Unexpected matters occur within a process, as we all know.
Locker room voice and on-court leader, Granger, battled a left knee injury that put a spin on the Pacers’ plan. Bird, who had stepped down prior to the 2012 NBA Draft, looked as if he threw in the towel due to health concerns and a bitter semifinal defeat to Miami in the 2012 Playoffs. He would not be around — officially, at least — for the moment which Indiana returned to the playoffs and gave Miami all it could chew in the conference finals. Granger played in just five games of the 2012-13 season, leaving many uncertain if he could be the piece that lifted Indiana to a place they haven’t been since 2000.
Bird wasn’t certain about Granger, and 29 games into this season was all he needed to see before pulling a trigger. Missing the first two months of the season due to a calf injury unrelated to his knee, Granger never once illustrated promise to returning to old form. Bird could evaluate this better than anyone in the media, as he spent an extensive amount of time around the nine-year veteran through the years.
At the 2014 trade deadline, Bird may have furthered his case for one of the top executives in the game. In part, because of the willingness to trade Granger. Larry shared how difficult making that deal was with Shaun Powell for Sports on Earth.
"“Trading Danny was the toughest thing I ever had to do,” Bird said. “He’s the last guy I thought I’d trade. About 20 minutes before we made the deal, I told Kevin Pritchard that I gotta wait. I didn’t know if I could do it.”"
In explaining how he was able to pull the trigger on the trade, Bird alluded to his Celtics’ days.
"“I remembered what Red (Auerbach) taught me. The franchise is always first. He said he had great players leave and people would say the franchise was going to fold and all of that. Well, that didn’t happen. The franchise is the most important thing and so in this case I had to do what’s best for the franchise.”"

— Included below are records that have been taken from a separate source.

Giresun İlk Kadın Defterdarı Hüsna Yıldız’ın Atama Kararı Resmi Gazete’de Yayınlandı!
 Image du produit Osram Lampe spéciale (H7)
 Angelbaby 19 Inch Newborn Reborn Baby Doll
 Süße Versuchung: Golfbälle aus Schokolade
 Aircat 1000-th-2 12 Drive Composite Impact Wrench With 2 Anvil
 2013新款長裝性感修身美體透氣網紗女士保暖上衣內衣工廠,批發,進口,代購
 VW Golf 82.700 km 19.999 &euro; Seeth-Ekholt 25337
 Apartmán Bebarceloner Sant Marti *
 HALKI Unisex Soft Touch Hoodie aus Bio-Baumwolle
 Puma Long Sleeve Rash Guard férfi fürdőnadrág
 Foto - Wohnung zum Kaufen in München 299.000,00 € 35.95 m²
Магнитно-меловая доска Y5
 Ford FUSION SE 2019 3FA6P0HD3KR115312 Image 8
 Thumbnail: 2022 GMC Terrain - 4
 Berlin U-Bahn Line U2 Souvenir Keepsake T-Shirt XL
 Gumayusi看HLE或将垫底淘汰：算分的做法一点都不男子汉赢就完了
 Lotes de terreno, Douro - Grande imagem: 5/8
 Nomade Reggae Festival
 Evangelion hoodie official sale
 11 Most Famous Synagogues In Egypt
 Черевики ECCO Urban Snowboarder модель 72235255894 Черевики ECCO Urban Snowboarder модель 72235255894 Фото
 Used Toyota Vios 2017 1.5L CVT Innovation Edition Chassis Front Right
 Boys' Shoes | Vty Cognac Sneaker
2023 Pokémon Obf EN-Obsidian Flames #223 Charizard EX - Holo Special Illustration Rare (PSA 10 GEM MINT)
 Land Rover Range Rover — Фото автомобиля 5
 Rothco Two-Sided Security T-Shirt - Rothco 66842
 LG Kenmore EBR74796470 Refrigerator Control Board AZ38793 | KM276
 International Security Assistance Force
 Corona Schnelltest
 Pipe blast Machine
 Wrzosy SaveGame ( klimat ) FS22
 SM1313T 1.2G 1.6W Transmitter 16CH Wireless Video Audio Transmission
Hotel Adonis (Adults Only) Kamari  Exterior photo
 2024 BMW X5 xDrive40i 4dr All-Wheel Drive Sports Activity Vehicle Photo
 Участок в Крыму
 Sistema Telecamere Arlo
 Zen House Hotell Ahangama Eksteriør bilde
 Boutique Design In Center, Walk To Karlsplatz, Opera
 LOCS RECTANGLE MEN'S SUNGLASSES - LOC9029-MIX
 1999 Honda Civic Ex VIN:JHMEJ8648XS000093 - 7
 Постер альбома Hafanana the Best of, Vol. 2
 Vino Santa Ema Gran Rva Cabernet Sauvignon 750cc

The trade, which brought over fourth-year wing, Evan Turner from Philadelphia, was an “all-in” move by Bird that seemed a bit uncharacteristic from what we’ve been accustomed to in his role as president.
Bringing together this Pacers’ roster was a slow, gradual process. Therefore, eyes flew wide open when the long-time Pacer leader was sent away for better, younger, fresh talent. Combine that with the low-risk investment in center Andrew Bynum, who asserted himself as this team’s best low-post talent in 36 minutes of play before suffering knee-swelling, and you get a Bird-led front office that may have lost a little patience in re-claiming summer gold.
Neither Turner nor Bynum have been able to give us a definitive answer as to if these Pacers pose a stronger threat to Miami. It’s appearing like that ship has sailed due to Turner looking clueless how to be effective as third/fourth option, and Bynum’s arthritic knees keeping him in street clothes.
Nonetheless, sit back and ask yourself: Do you blame Bird?
The building resulted in two heartbreaking playoff losses to the only team on your radar. As the league’s King only seems to get richer and stronger in Miami, something had to be done to improve offensive efficiency. It hasn’t worked out since February, but who are we to say it won’t work out for Bird?
This season, Bird has acted with a sense of urgency, and immediate championship mindset. At the end of the day, that’ the only type of action he knows at heart, and it’s worked out for him before.
Only this time, he’s the not the one wearing the name and number.